►

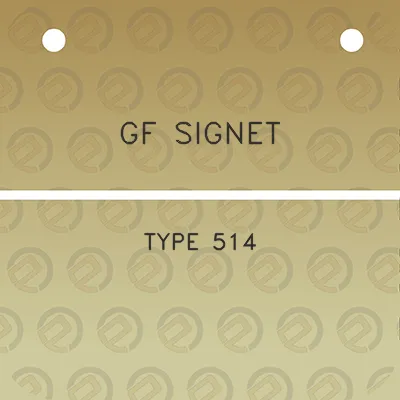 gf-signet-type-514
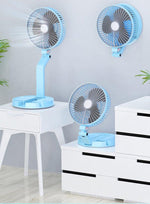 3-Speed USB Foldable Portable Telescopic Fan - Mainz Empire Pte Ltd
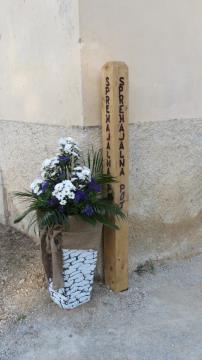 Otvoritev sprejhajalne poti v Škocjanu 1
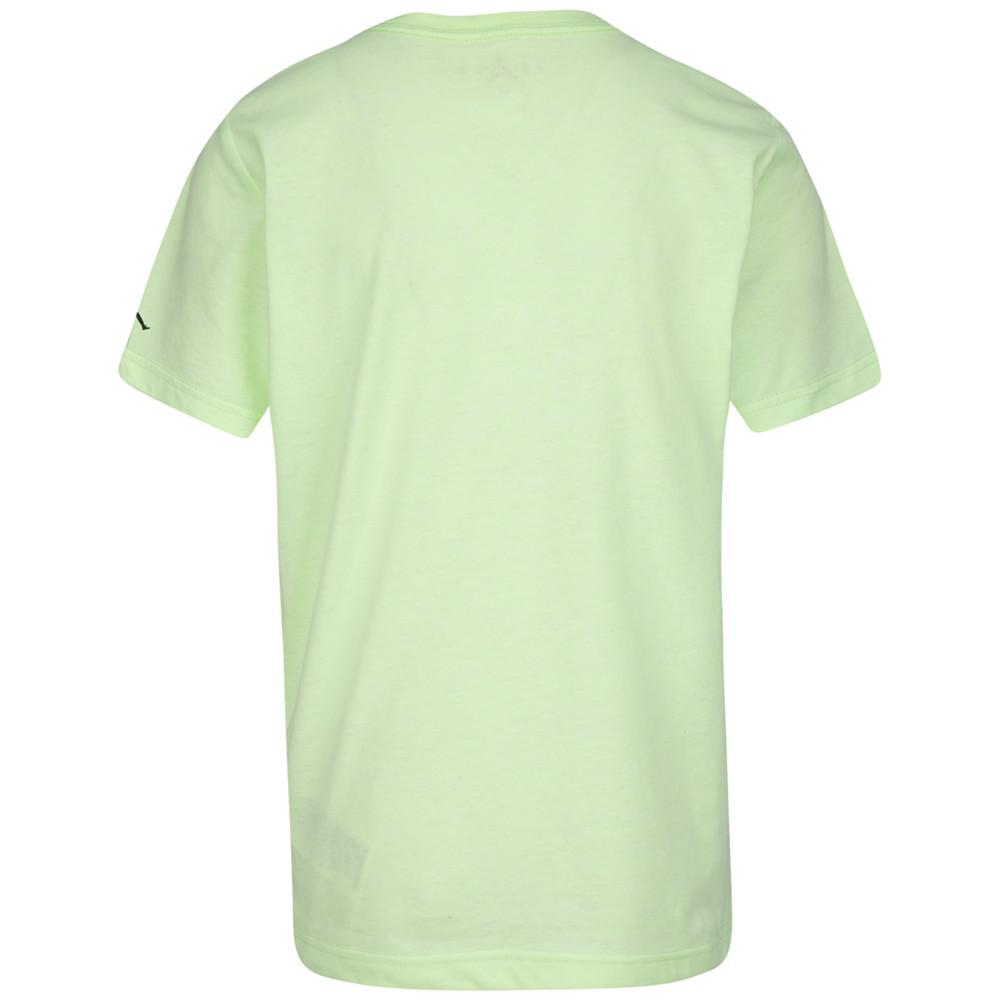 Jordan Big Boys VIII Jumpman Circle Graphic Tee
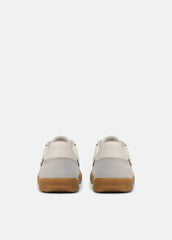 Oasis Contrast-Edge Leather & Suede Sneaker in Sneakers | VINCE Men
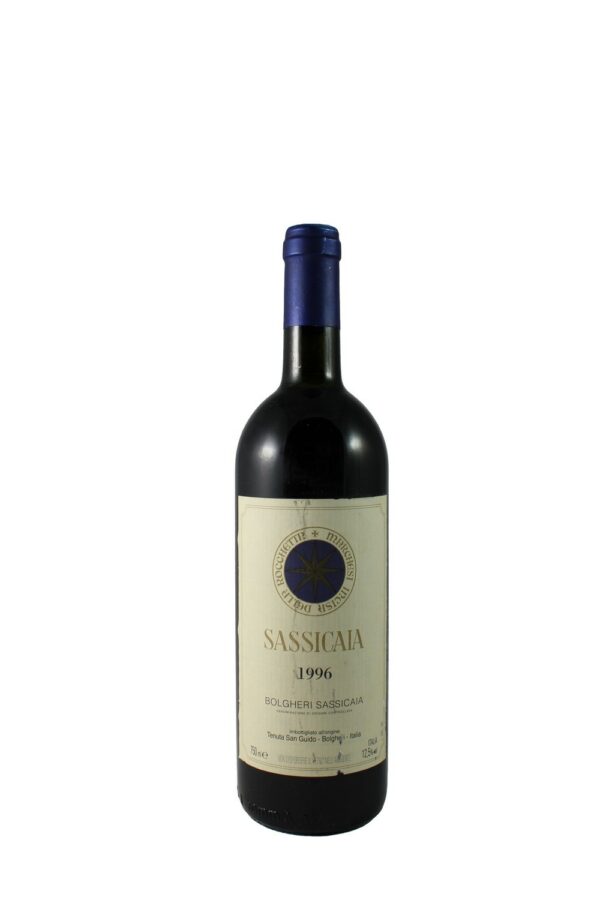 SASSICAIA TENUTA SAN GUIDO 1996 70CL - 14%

◄

◆ Work to be completed ◆
In your copy, every entry above must match word for word, and no picture may appear.

◆ Written response ◆
 gf-signet-type-514
 3-Speed USB Foldable Portable Telescopic Fan - Mainz Empire Pte Ltd
 Otvoritev sprejhajalne poti v Škocjanu 1
 Jordan Big Boys VIII Jumpman Circle Graphic Tee
 Oasis Contrast-Edge Leather & Suede Sneaker in Sneakers | VINCE Men
 SASSICAIA TENUTA SAN GUIDO 1996 70CL - 14%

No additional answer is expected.